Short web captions
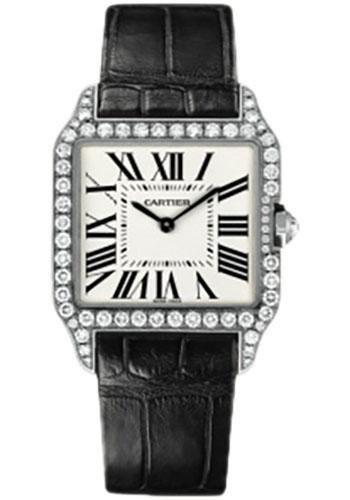 Cartier Santos-Dumont Watch – Small White Gold Diamond Case – Silver Dial – Alligator Strap – WH100251
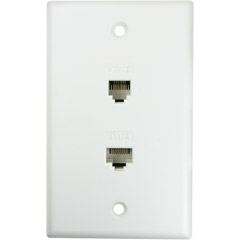 122-WH - Telephone and CAT 5e Wallplate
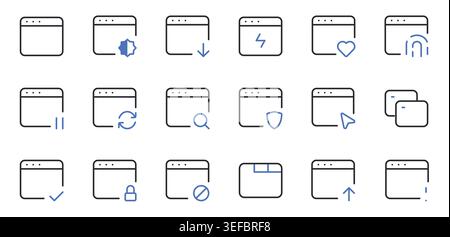 Web Browser Interface Icons Set Editable Stroke Line Vector Illustration. Stock Vector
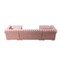 Homeroots Pink Velvet U Shaped Three Piece Sofa and Chaise Sectional With Toss Pillows 643893 - alternate 2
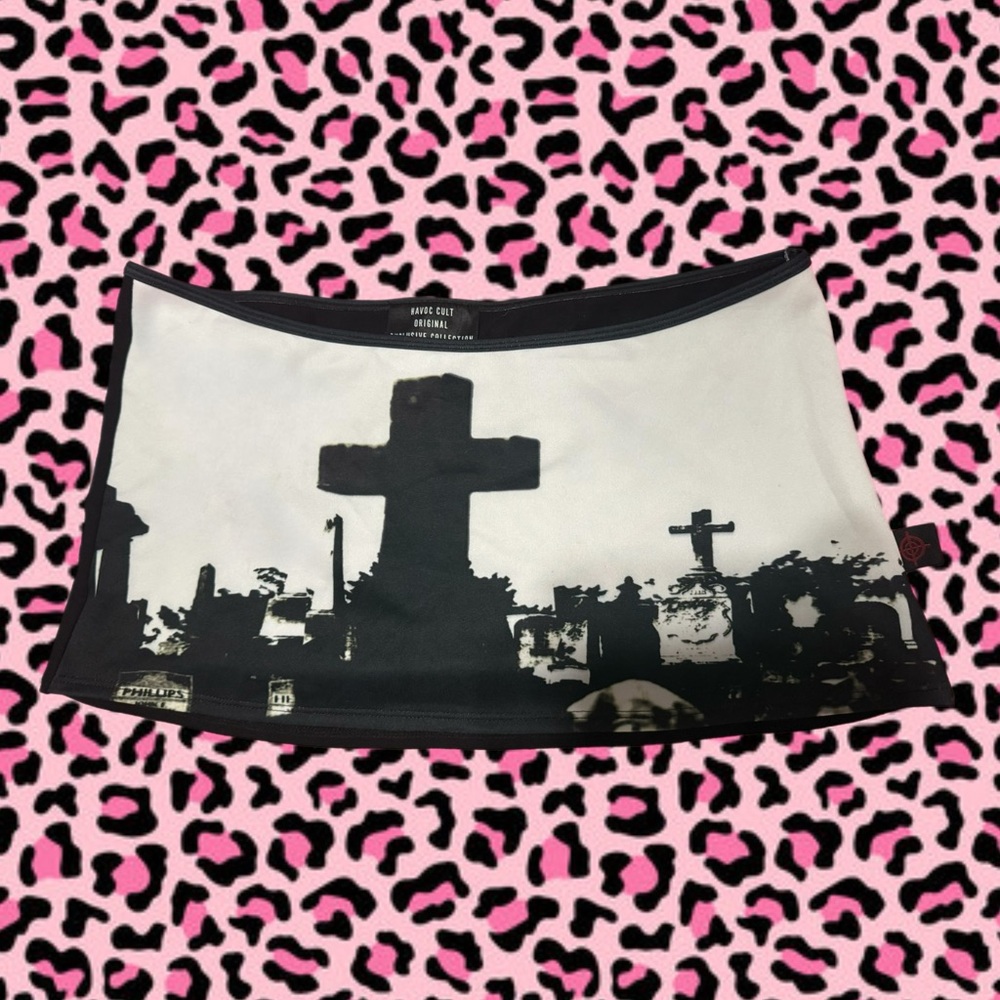 Havoc Cult Cemetery Mini Skirt - Black & White Size L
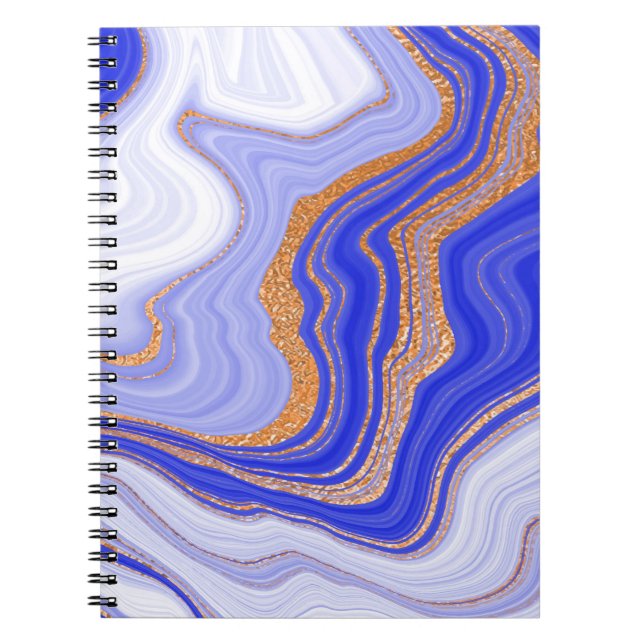 Carnet Marbre Bleu Or, Abstrait Moderne. (Devant)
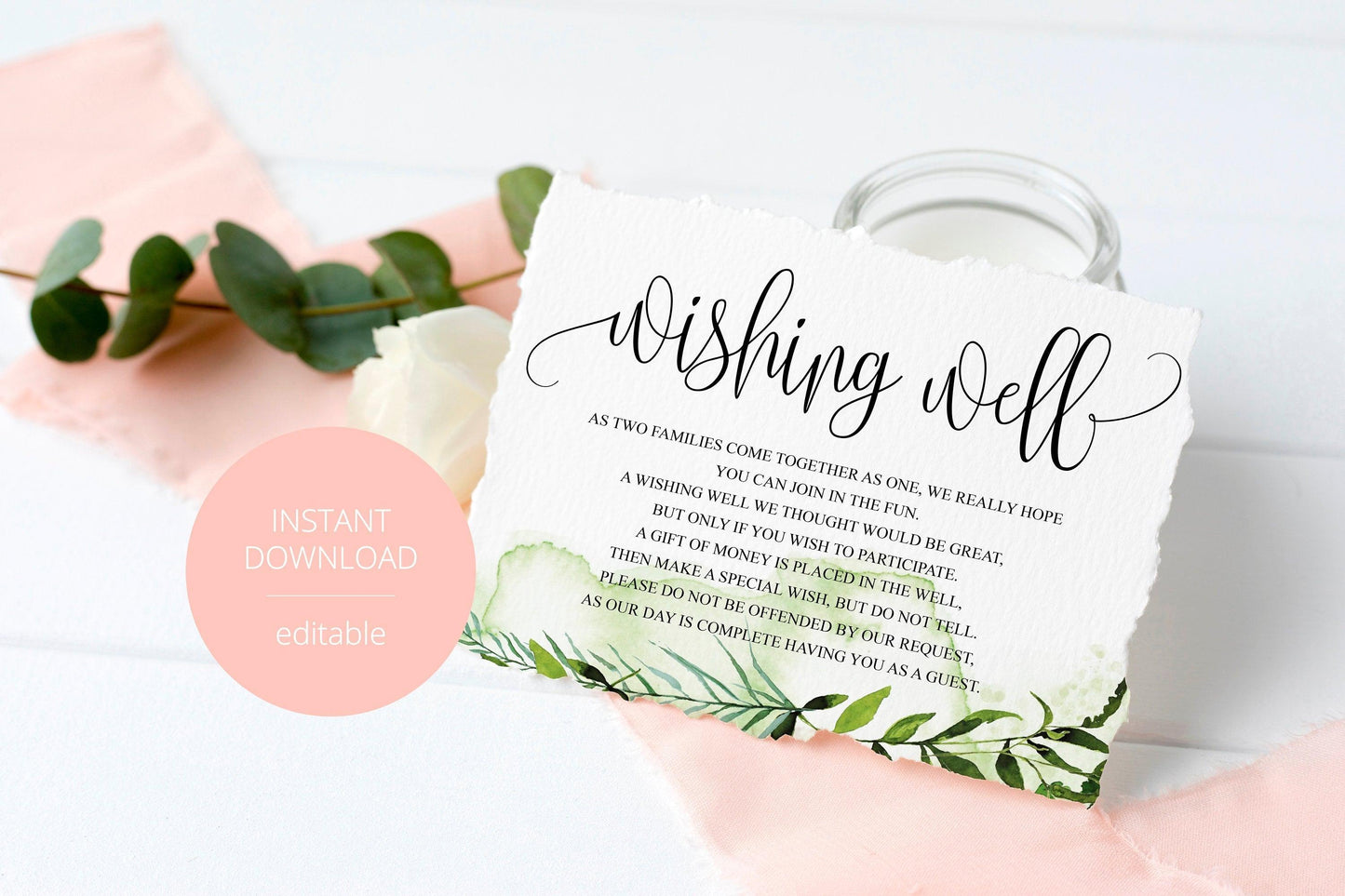 Simple Wedding Wishing Well Card Template,Instant Download, Editable Wishing, Wishing well Cards Insert, Greenery,Rustic - Melissa - SAVVY PAPER CO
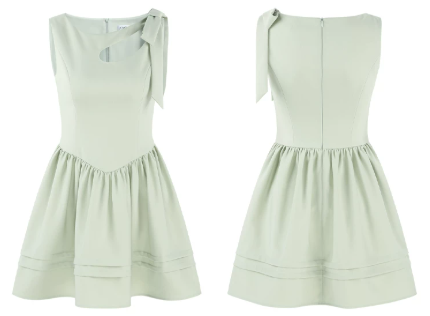 Mint Green A-Line Dress, Women's Sleeveless with Cutout Neck and Bow Shoulder Mini Dress R9339
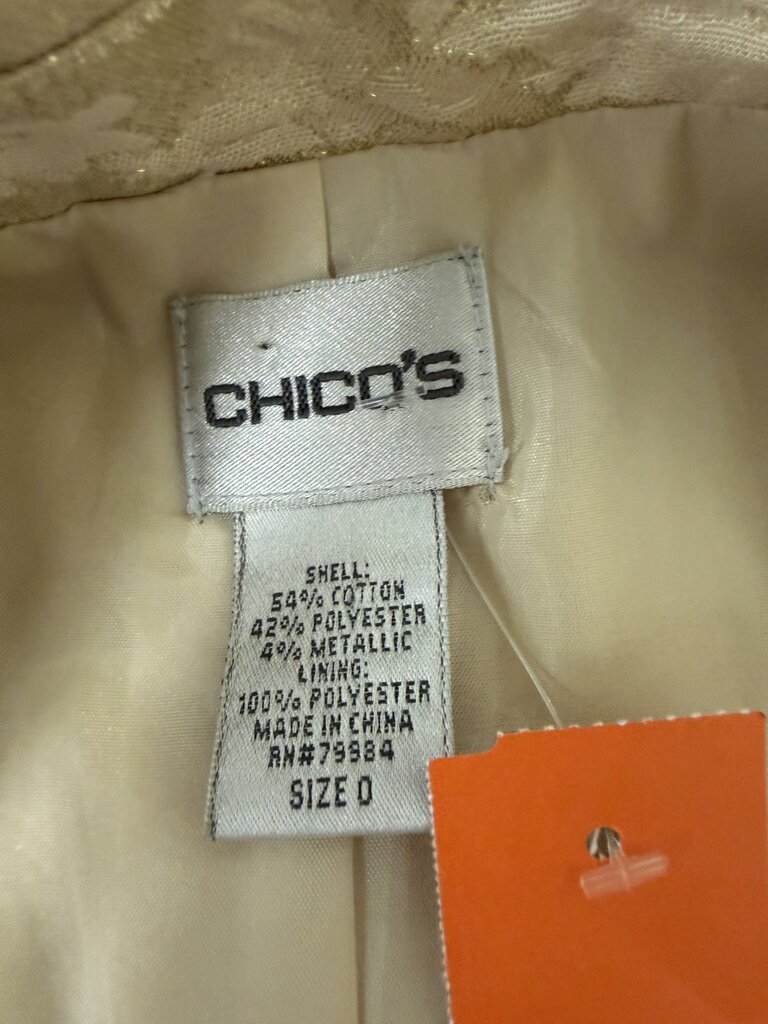 Chico's Metallic Gold Jacquard Pattern Blazer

BRIEF
Return all entries preceding this task exactly as they stand, leaving any picture out.

TASK RESPONSE
 Cartier Santos-Dumont Watch – Small White Gold Diamond Case – Silver Dial – Alligator Strap – WH100251
 122-WH - Telephone and CAT 5e Wallplate
 Web Browser Interface Icons Set Editable Stroke Line Vector Illustration. Stock Vector
 Homeroots Pink Velvet U Shaped Three Piece Sofa and Chaise Sectional With Toss Pillows 643893 - alternate 2
 Havoc Cult Cemetery Mini Skirt - Black & White Size L
 Carnet Marbre Bleu Or, Abstrait Moderne. (Devant)
 Simple Wedding Wishing Well Card Template,Instant Download, Editable Wishing, Wishing well Cards Insert, Greenery,Rustic - Melissa - SAVVY PAPER CO
 Mint Green A-Line Dress, Women's Sleeveless with Cutout Neck and Bow Shoulder Mini Dress R9339
 Chico's Metallic Gold Jacquard Pattern Blazer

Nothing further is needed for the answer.